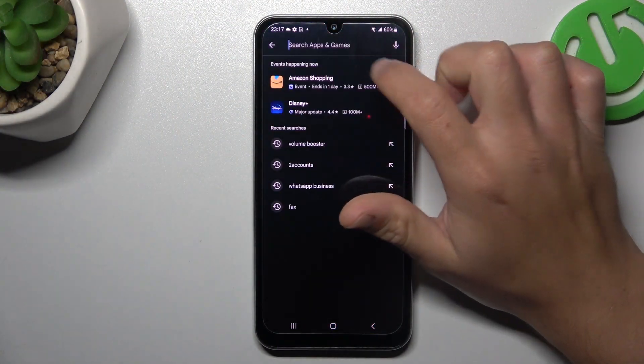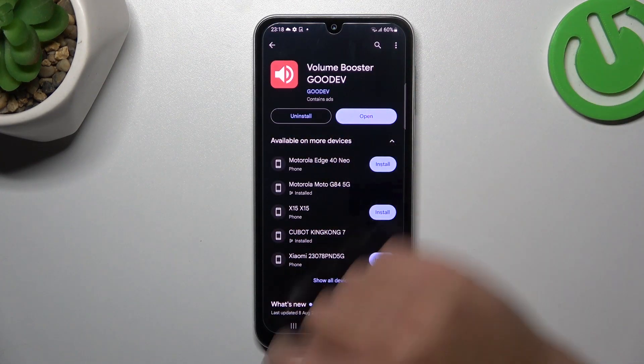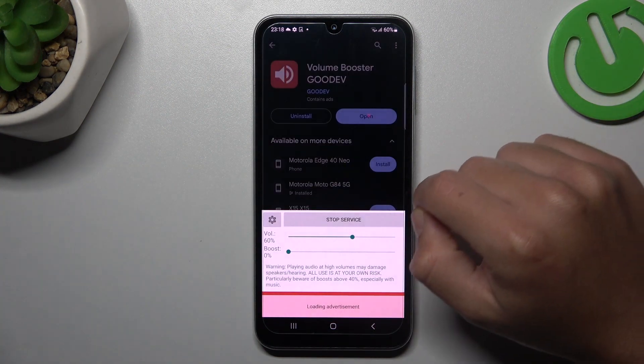In the first tab, open the Play Store and look for the Volume Booster app from Goodeve. Install that one and open it. Now pass the setup and the tool is active.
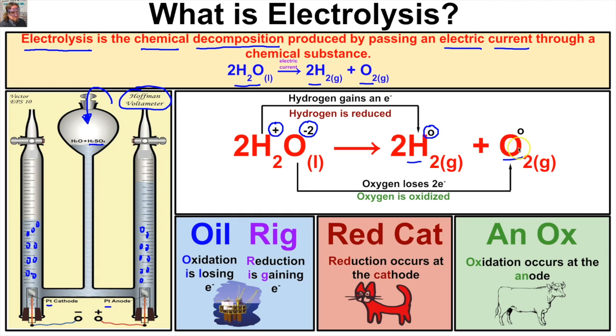Our oxygen gas is also elemental oxygen and therefore has no charge. So what must happen to hydrogen to go from a positively charged ion on the reactant side to a neutrally charged hydrogen molecule on the product side? The hydrogen is going to have to gain an electron. For oxygen, which has a negative two charge on the reactant side, to become neutral on the product side, the oxygen is going to have to lose two electrons.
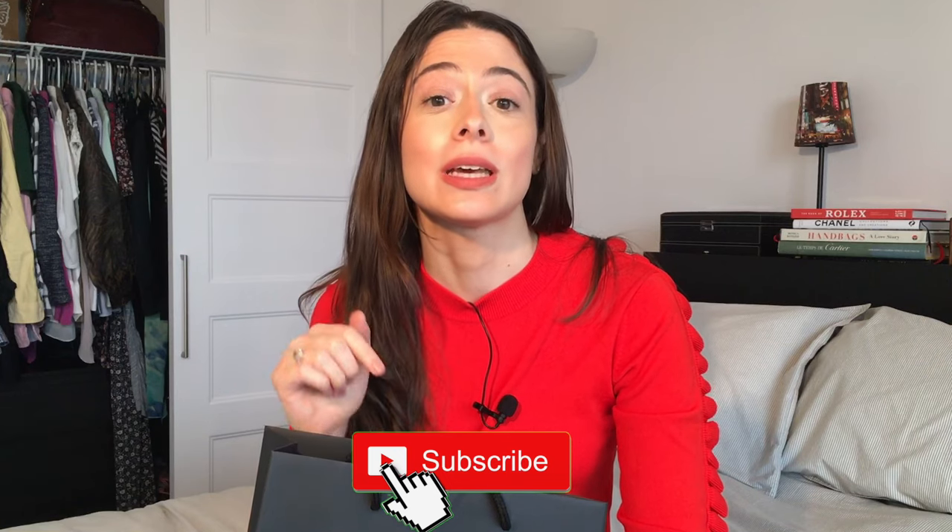Hi guys, welcome back to my channel. My name is Donna, and for those of you who are new here, please don't forget to subscribe below — it really helps with the growth of this channel. And if you enjoy watching my videos, hit that notification bell to be notified every time I upload a new video.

** HOW TO COMPLETE THIS TASK **
Extract the full listing above verbatim; pictures are to be left out of the copy.

** WORKED SOLUTION **
In the first tab, open the Play Store and look for the Volume Booster app from Goodeve. Install that one and open it. Now pass the setup and the tool is active.
Our oxygen gas is also elemental oxygen and therefore has no charge. So what must happen to hydrogen to go from a positively charged ion on the reactant side to a neutrally charged hydrogen molecule on the product side? The hydrogen is going to have to gain an electron. For oxygen, which has a negative two charge on the reactant side, to become neutral on the product side, the oxygen is going to have to lose two electrons.
Hi guys, welcome back to my channel. My name is Donna, and for those of you who are new here, please don't forget to subscribe below — it really helps with the growth of this channel. And if you enjoy watching my videos, hit that notification bell to be notified every time I upload a new video.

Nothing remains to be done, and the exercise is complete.